The Stonewall Riots, as they became known, made one thing clear—the LGBT movement needed to be louder and more visible. Nothing was going to change if they continued their passive, non-threatening tactics. They needed to get organized. Five months after the riots, activists Craig Rodwell, his partner Fred Sargeant, Ellen Brody and Linda Rhodes proposed a resolution at the Eastern Regional Conference of Homophile Organizations (ERCHO) in Philadelphia that a march be held in New York City to commemorate the one-year anniversary of the raid. Their proposal was for an annual march on the last Saturday in June with “no dress or age regulations.” This was a drastic change from the current methods used by LGBT activists who would host walks and vigils in silence with a required dress code: men in jackets and ties and women in dresses.
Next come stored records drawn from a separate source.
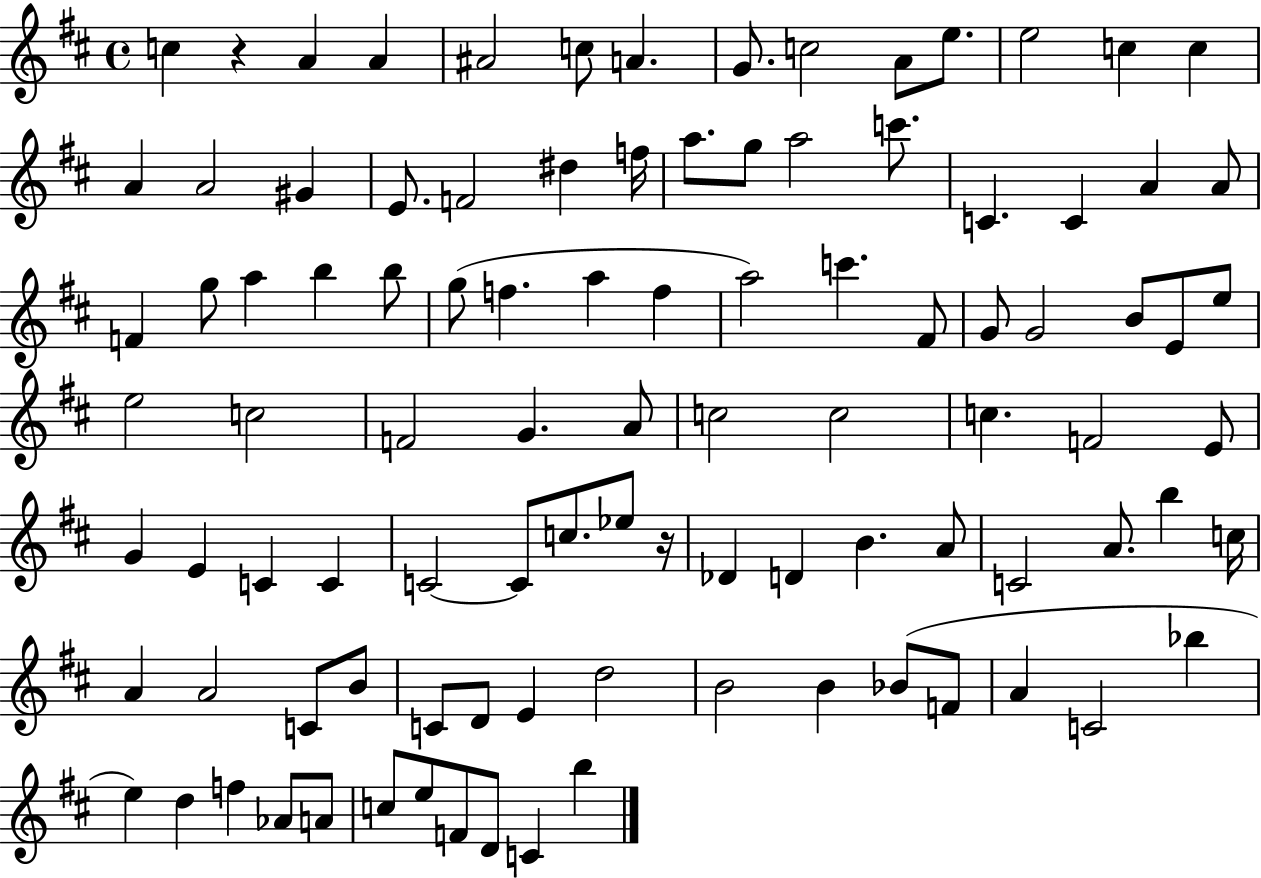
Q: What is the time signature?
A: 4/4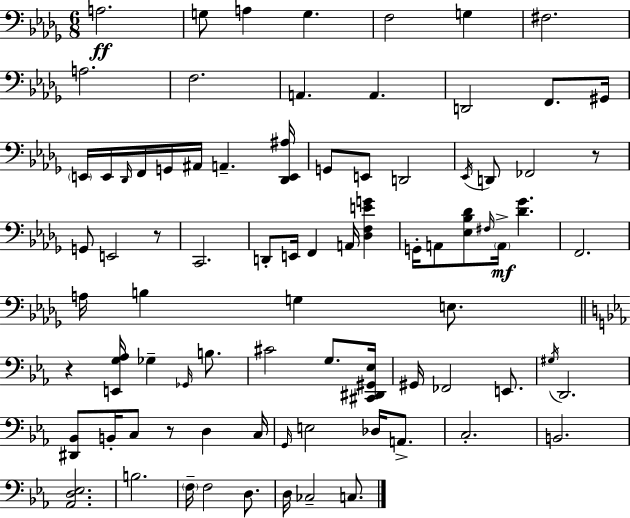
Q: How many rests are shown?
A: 4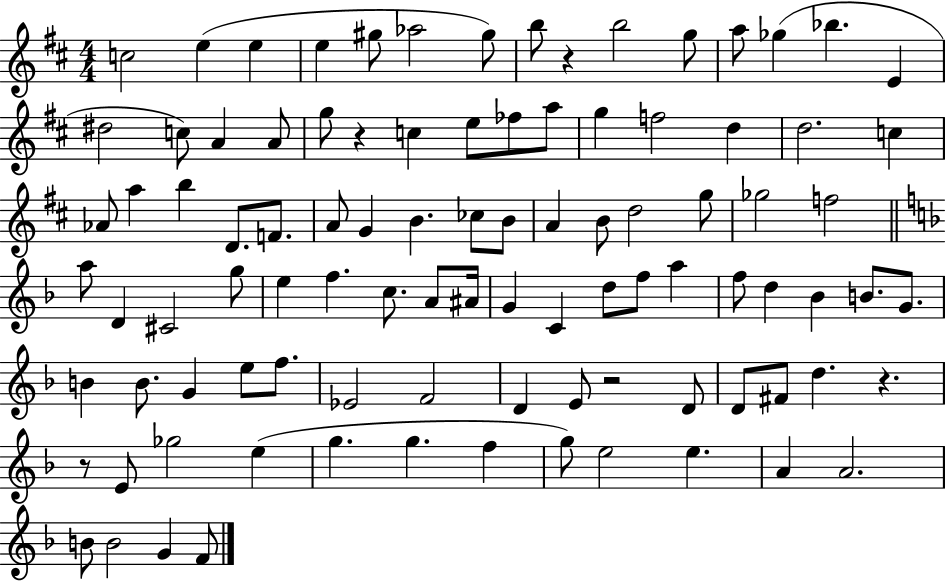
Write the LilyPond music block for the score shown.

{
  \clef treble
  \numericTimeSignature
  \time 4/4
  \key d \major
  c''2 e''4( e''4 | e''4 gis''8 aes''2 gis''8) | b''8 r4 b''2 g''8 | a''8 ges''4( bes''4. e'4 | \break dis''2 c''8) a'4 a'8 | g''8 r4 c''4 e''8 fes''8 a''8 | g''4 f''2 d''4 | d''2. c''4 | \break aes'8 a''4 b''4 d'8. f'8. | a'8 g'4 b'4. ces''8 b'8 | a'4 b'8 d''2 g''8 | ges''2 f''2 | \break \bar "||" \break \key d \minor a''8 d'4 cis'2 g''8 | e''4 f''4. c''8. a'8 ais'16 | g'4 c'4 d''8 f''8 a''4 | f''8 d''4 bes'4 b'8. g'8. | \break b'4 b'8. g'4 e''8 f''8. | ees'2 f'2 | d'4 e'8 r2 d'8 | d'8 fis'8 d''4. r4. | \break r8 e'8 ges''2 e''4( | g''4. g''4. f''4 | g''8) e''2 e''4. | a'4 a'2. | \break b'8 b'2 g'4 f'8 | \bar "|."
}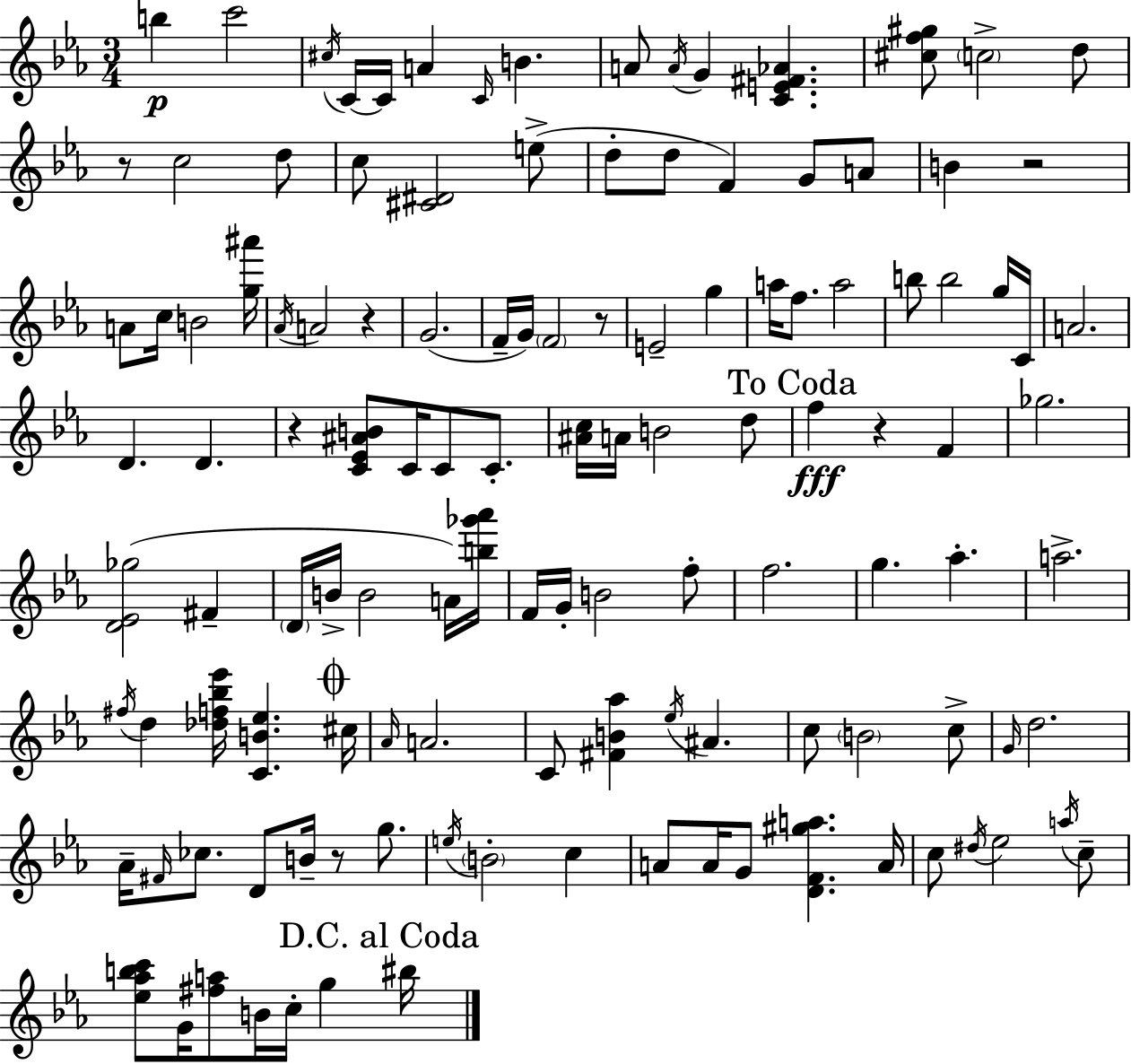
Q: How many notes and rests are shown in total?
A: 123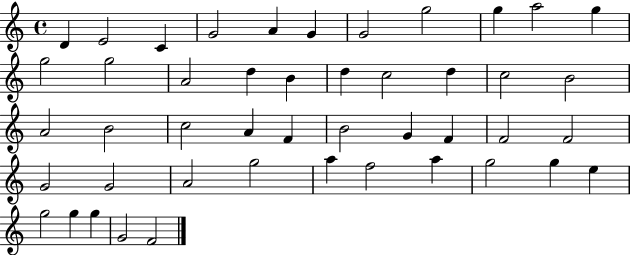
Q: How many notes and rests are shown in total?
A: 46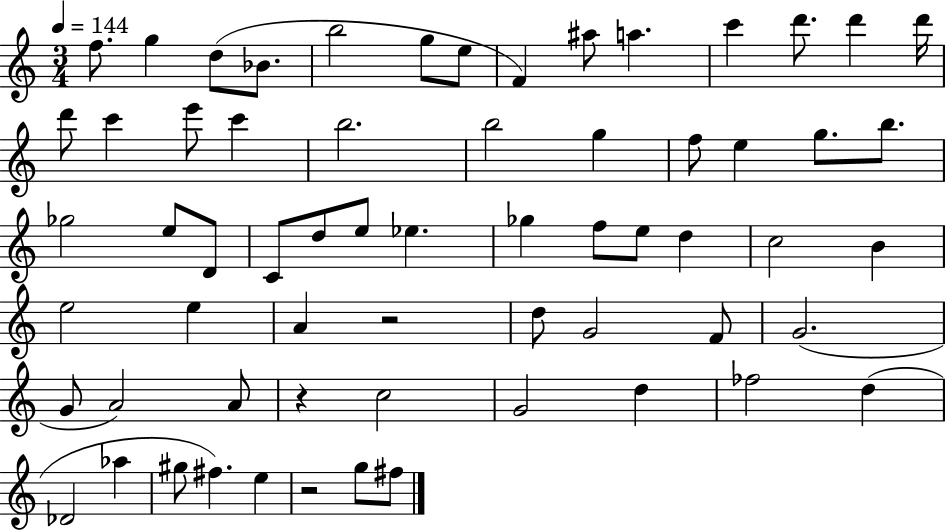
{
  \clef treble
  \numericTimeSignature
  \time 3/4
  \key c \major
  \tempo 4 = 144
  f''8. g''4 d''8( bes'8. | b''2 g''8 e''8 | f'4) ais''8 a''4. | c'''4 d'''8. d'''4 d'''16 | \break d'''8 c'''4 e'''8 c'''4 | b''2. | b''2 g''4 | f''8 e''4 g''8. b''8. | \break ges''2 e''8 d'8 | c'8 d''8 e''8 ees''4. | ges''4 f''8 e''8 d''4 | c''2 b'4 | \break e''2 e''4 | a'4 r2 | d''8 g'2 f'8 | g'2.( | \break g'8 a'2) a'8 | r4 c''2 | g'2 d''4 | fes''2 d''4( | \break des'2 aes''4 | gis''8 fis''4.) e''4 | r2 g''8 fis''8 | \bar "|."
}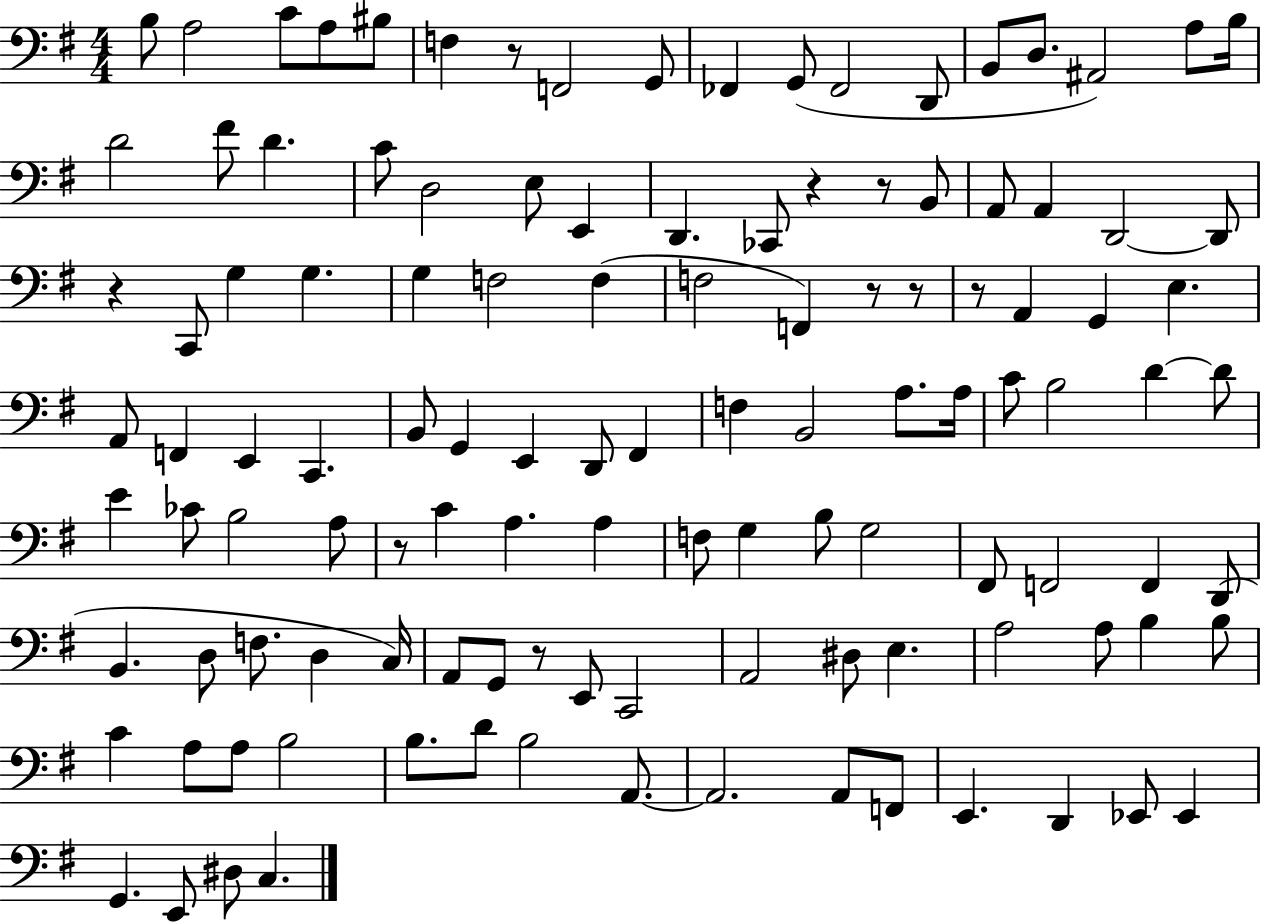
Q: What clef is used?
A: bass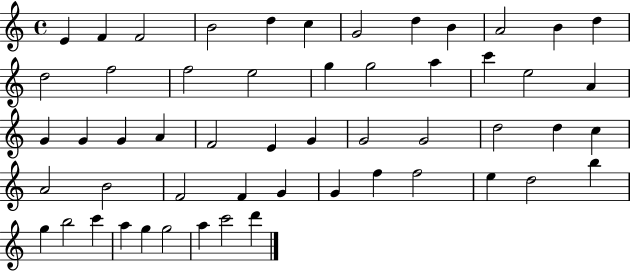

While the proposal for a march was approved, it was the Christopher Street Liberation Day Umbrella Committee that got it planned. Meeting in Craig Rodwell’s apartment and bookstore (the Oscar Wilde Bookshop on Christopher Street), the details for the first NYC Pride Parade, then known as the Christopher Street Liberation Day March, were hashed out. Making use of the Oscar Wilde mailing list, they were able to get the word out. The festivities turned into a week-long celebration, something many cities continue to do to this day.
L. Craig Schoonmaker was part of the Christopher Street Liberation Day March planning committee. When they were looking for a slogan for the event, it was Schoonmaker that suggested “Pride.” The idea of “Gay Power” was thrown around, but Schoonmaker said gay individuals lacked real power to make change, but one thing they did have was pride. In a 2015 interview with “The Allusionist,” Schoonmaker explained, “A lot of people were very repressed, they were conflicted internally, and didn’t know how to come out and be proud. That’s how the movement was most useful, because they thought, ‘Maybe I should be proud.’” The official chant for the march became, “Say it loud, gay is proud.”
All their efforts came to fruition on June 28, 1970, the one-year anniversary of the Stonewall Riots. The march was 51 blocks long from west of Sixth Avenue at Waverly Place, in Greenwich Village, all the way to Sheep’s Meadow in Central Park, where activists held a “Gay-in.” Borrowing a technique that had been popularized by the Civil Rights Movement, the “Gay-in” was both a protest and a celebration. The front page of The New York Times ran with the headline, “Thousands of Homosexuals Hold A Protest Rally in Central Park.”
There were no floats, no music blasting through the streets, no scantily clad dancers: this was a political statement and a test—what would happen when LGBT citizens became more visible? While crowd estimates vary widely from 1,000 to 20,000, one thing remained clear—there had never been a demonstration like this before.